Reduce[Flatten[{obj == 40, constraints}], vars]
(* Out[275]= (v[1] == 0 && v[2] == 1 && v[3] == 0 && v[4] == 0 &&
v[5] == 0 && v[6] == 1 && v[7] == 1 && v[8] == 0 && v[9] == 1 &&
v[10] == 0 && v[11] == 1) || (v[1] == 0 && v[2] == 1 && v[3] == 1 &&
v[4] == 0 && v[5] == 0 && v[6] == 0 && v[7] == 1 && v[8] == 0 &&
v[9] == 1 && v[10] == 0 && v[11] == 1) *)
Since this is all ILP under the hood I would not expect it to handle huge problems. Offhand I do not have a good guess as to how far it might scale.
Another thing to note is that I made no effort to get the maximum advantage from avoiding conflicts. I only looked at pairs of classes. Triples that have nontrivial meeting time intersection would give rise to tighter (that is, more restrictive) inequalities of the form x+y+z<=1. Such better inequalities could make a difference in how far one might scale this approach.
It seems that maximization of ratings leads to maximization of credits using. My code (but not answer) below. It's sequential search but it works.
data = Import["university program chart.xlsx"];
dtt[d_] :=
d /. {"Monday" -> 0, "Tuesday" -> 1 24 60 60,
"Wednesday" -> 2 24 60 60, "Thursday" -> 3 24 60 60,
"Friday" -> 4 24 60 60, "Saturday" -> 5 24 60 60};
strpr[line_] := Module[{ret = {0, 0, 0, 0, 0}},
ret[[1]] =
Interval[(AbsoluteTime[{#, {"Hour", ":", "Minute"}}] & /@
StringSplit[line[[5]], "-"]) + dtt[line[[4]]]];
ret[[2]] = Round[line[[1]]];
ret[[3]] = Round[line[[3]]];
ret[[4]] = Round[line[[7]]];
ret[[5]] = line[[2]];
Return[ret];
];
ndata = strpr /@ (data[[1, 2 ;;]]);
mdata = Subsets[ndata][[2 ;;]];
kdata = Select[mdata,
7 <= Total[((#)\[Transpose])[[3]]] <= 12 &&
Not[Or @@
IntervalMemberQ @@@
Subsets[Flatten[(#)\[Transpose][[1]]], {2}]] &&
DuplicateFreeQ[#\[Transpose][[5]]] &];
util = Total[(#\[Transpose])[[4]]] & /@ kdata;
listofnumbers =
kdata[[#]]\[Transpose][[2]] & /@ Flatten[Position[util, Max[util]]];
And the result is:
TableForm /@ (data[[1, # + 1]] & /@ listofnumbers)
Output:
2 Differential Equations 3. Thursday 8:00-10:00 Dr. Smith 8.

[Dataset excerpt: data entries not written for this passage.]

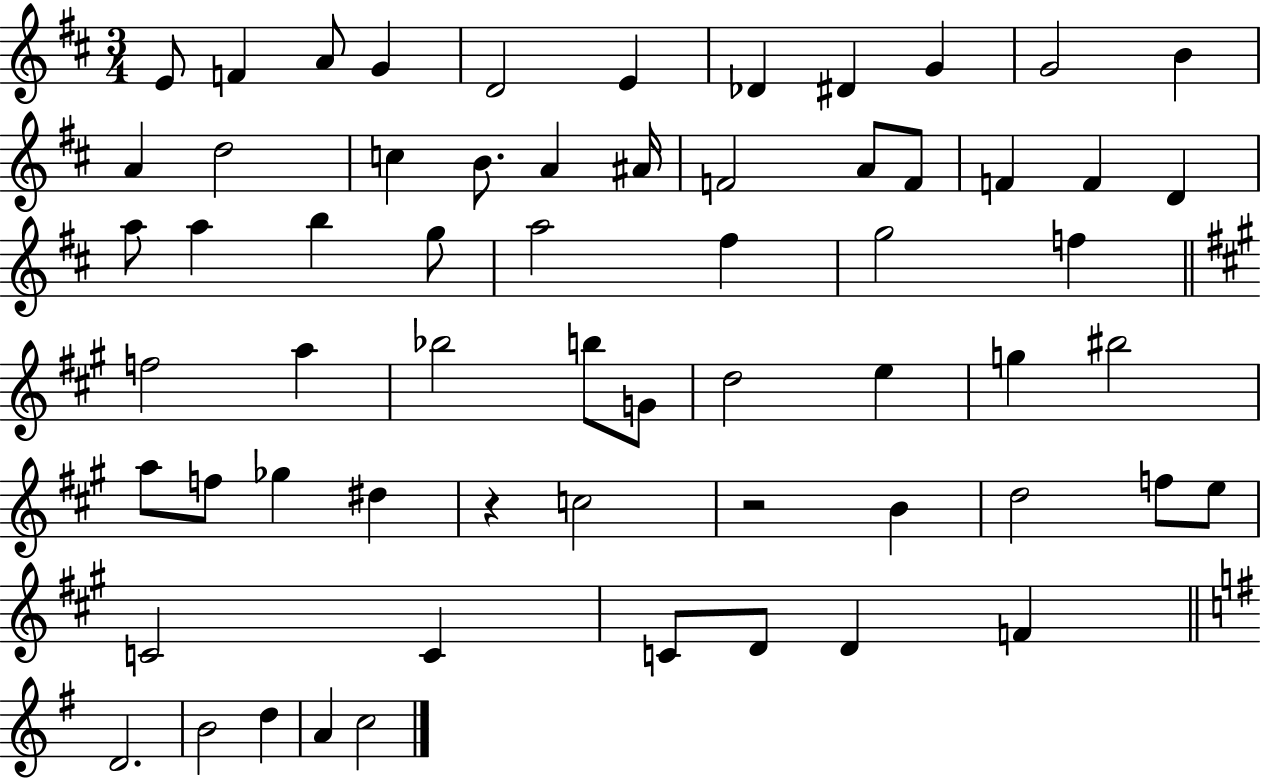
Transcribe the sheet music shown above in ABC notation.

X:1
T:Untitled
M:3/4
L:1/4
K:D
E/2 F A/2 G D2 E _D ^D G G2 B A d2 c B/2 A ^A/4 F2 A/2 F/2 F F D a/2 a b g/2 a2 ^f g2 f f2 a _b2 b/2 G/2 d2 e g ^b2 a/2 f/2 _g ^d z c2 z2 B d2 f/2 e/2 C2 C C/2 D/2 D F D2 B2 d A c2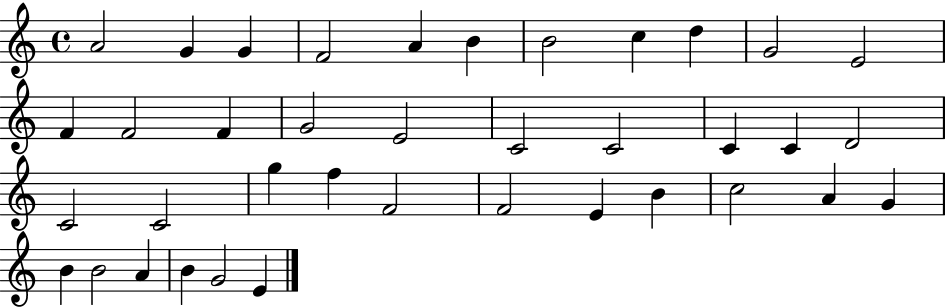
A4/h G4/q G4/q F4/h A4/q B4/q B4/h C5/q D5/q G4/h E4/h F4/q F4/h F4/q G4/h E4/h C4/h C4/h C4/q C4/q D4/h C4/h C4/h G5/q F5/q F4/h F4/h E4/q B4/q C5/h A4/q G4/q B4/q B4/h A4/q B4/q G4/h E4/q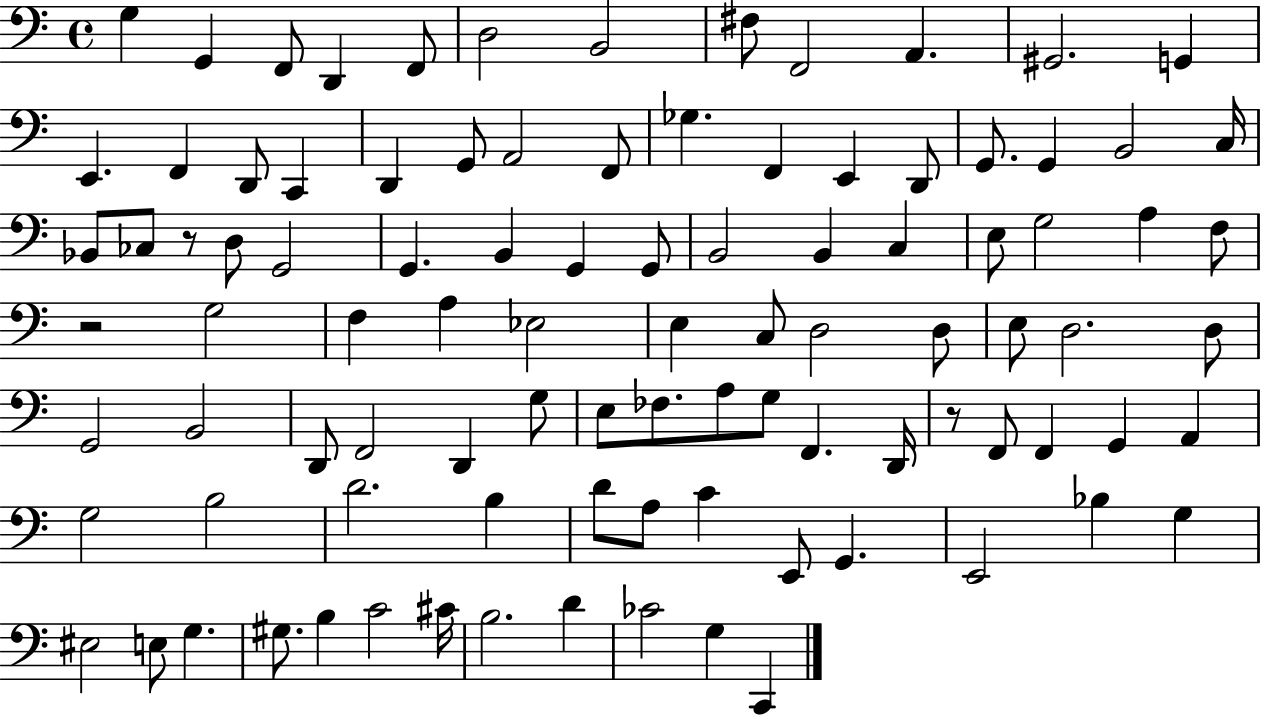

3 Chemistry 2. Monday 8:00-10:00 Dr. Cho 9.
7 Chemistry Lab 1. Wednesday 9:00-10:00 Dr. Xaviers 10.
9 Physics 3. Monday 10:15-12:15 Dr. Rosta 6.
11 Math 3. Thursday 10:15-12:15 Dr. Jones 7.
Or
2 Differential Equations 3. Thursday 8:00-10:00 Dr. Smith 8.
6 Chemistry 2. Friday 13:15-15:15 Dr. Xaviers 9.
7 Chemistry Lab 1. Wednesday 9:00-10:00 Dr. Xaviers 10.
9 Physics 3. Monday 10:15-12:15 Dr. Rosta 6.
11 Math 3. Thursday 10:15-12:15 Dr. Jones 7.